This function guesses relationships (expressed as estimated number meiotic connection(s)) using genomic data. Compared to guessing relations from genomic kinship matrix, this procedure offers several enhancements:

Usage

findRelatives(gtdata, nmeivec = c(1:2), q = NULL, epsilon = 0.01, quiet = FALSE, OddsVsNull = 1000, OddsVsNextBest = 100, twoWayPenalty = log(10), doTwoWay = TRUE, vsIDs = NULL, gkinCutOff = NULL, kinshipMatrix = NULL)

Arguments

gtdata
genotypic data, either 'gwaa.data' or 'snp.data' class, or matrix or 'databel' matrix (see details for format).
nmeivec
vector providing the degree of relationship to be tested (1: parent-offspring; 2: sibs, grandparent-grandchild; etc.).
q
vector of effect allele frequencis for the data.
epsilon
genotyping error rate
quiet
if TRUE, screen outputs supressed
OddsVsNull
threshold used in relationships inferences (see details)
OddsVsNextBest
threshold used in relationships inferences (see details)
twoWayPenalty
penalty on likelihoods resulting from models assuming two meiotic pathways
doTwoWay
or not
vsIDs
specific IDs to be tested vs others
gkinCutOff
if not null, sets a threshold used to pre-screen pairs before guessing relations. If value < 0 provided, procedure sets threshold automatically (recommended)
kinshipMatrix
(genomic) kinship matrix (used if gkinCutOff!=NULL)

Value

A list with elements call -- details of the call; profile -- table detailing likelihood for all pairs tested; estimatedNmeioses -- nids x nids matrix containing maximum likelihood estimate of meiotic distance for all pairs of individuals guess -- same as estimatedNmeioses, but all estimates not passing inference criteria (OddsVsNull, OddsVsNextBest) are NAed; compressedGuess -- same as above, but removing cows and cols with missing-only elemnts

Details

(1) by use of IBD/IBS 3-state space, it allows to distinguish between some pairs, which have the same kinship (e.g. parent-offspring from brother-sister; uncle-nephew from grandparent-grandchild, etc.)
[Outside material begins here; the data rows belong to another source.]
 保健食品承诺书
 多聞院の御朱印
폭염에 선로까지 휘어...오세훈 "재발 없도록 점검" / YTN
(2) it reports likelihood, allowing for more rigorous inferences

If 'gtdata' are provided as a matrix (or 'databel' matrix), genotypes should be coded as 0, 1, or 2; each SNP corresponds to a column and each ID is a row. 'q' corresponds to the frequency of 'effect' (aka 'coded') allele, which is also equivalent to the mean(SNP)/2.0 provided coding is correct.
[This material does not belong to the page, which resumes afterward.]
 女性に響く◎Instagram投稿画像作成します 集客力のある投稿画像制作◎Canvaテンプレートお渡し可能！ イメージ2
'nmeivec' is a sequence of integers, e.g. c(1,2) will test for parent-offspring pairs and pairs separated by two meioses (sibs, grandparent-grandchild, etc.). If 'nmeivec' does not contain '0' as its first element, it will be automatically added (testing for twins). Also, nmeivec will be updated with c(nmeivec,max(nmeivec)+1,100) to allow for thesting of testing vs. 'null' (unrelated, 100) and 'most distant' specified by user (max(nmeivec)).

While one may be interested to test only a sub-set of the data for relationships, it is recommended to provide 'q' estimated using all data available (see example).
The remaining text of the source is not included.